Les philosophes Grecs lancent la réflexion pour faire le bilan des connaissances. Le champ des certitudes s’amenuise mais la démarche est féconde pour la pensée, les Arts, le rayonnement de la Grèce. Le psychisme est-il une réalité séparée de l’enveloppe matérielle du corps ou bien cette séparation n’est-elle qu’une illusion ? Dans l’antiquité, l’explication de la vie introduit inévitablement l’idée d’âme, ou pour le Bouddhisme conditionnement d’un flot de conscience, et la mort implique résurrection, réincarnation ou transmigration d’entité.

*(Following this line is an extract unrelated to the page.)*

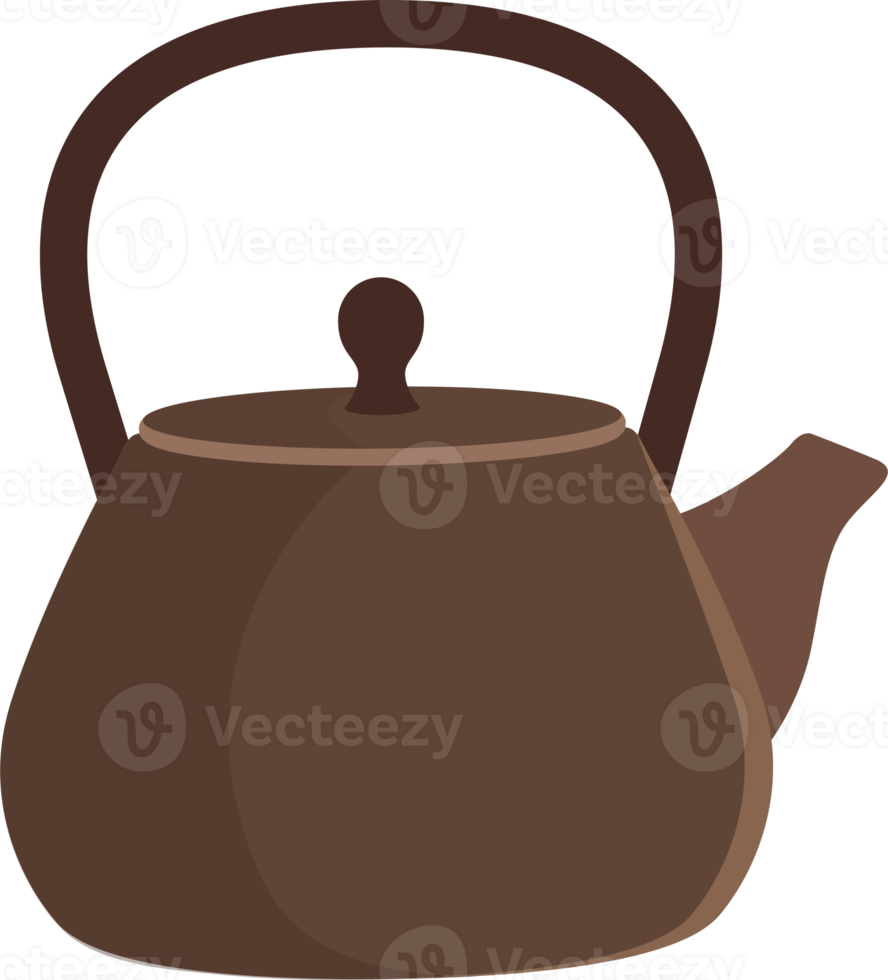 Oriental style ceramic teapot of illustration. png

Le platonisme établit la confiance de l'homme dans le pouvoir de la pensée, le «mythe» indispensable d'une Vérité éternelle à chercher par-delà les inexactitudes et les imperfections de toute science déjà atteinte (R. Lenoble, Hist. de l'idée de nature, 1969, p.70). Le courage est une qualité du caractère valorisée par les sociétés jusqu’à la fin de l’ère industrielle. Les croyances sont déterminantes du courage des individus et des peuples. Le mental peut agir sur la force physique, le dynamisme et la résistance à la douleur. Les Grecs se nomment mortels, les religions sanctifieront les martyrs. Le stoïcisme distingue entre ce qui dépend de nous ; nos représentations, nos pensées, notre sensibilité aux sensations ; et ce qui ne dépend pas de nous, ce qui nous arrive de l’extérieur et renvoie à l’idée d’un effort réalisé sur soi, d’une maîtrise des impulsions, même dans la souffrance.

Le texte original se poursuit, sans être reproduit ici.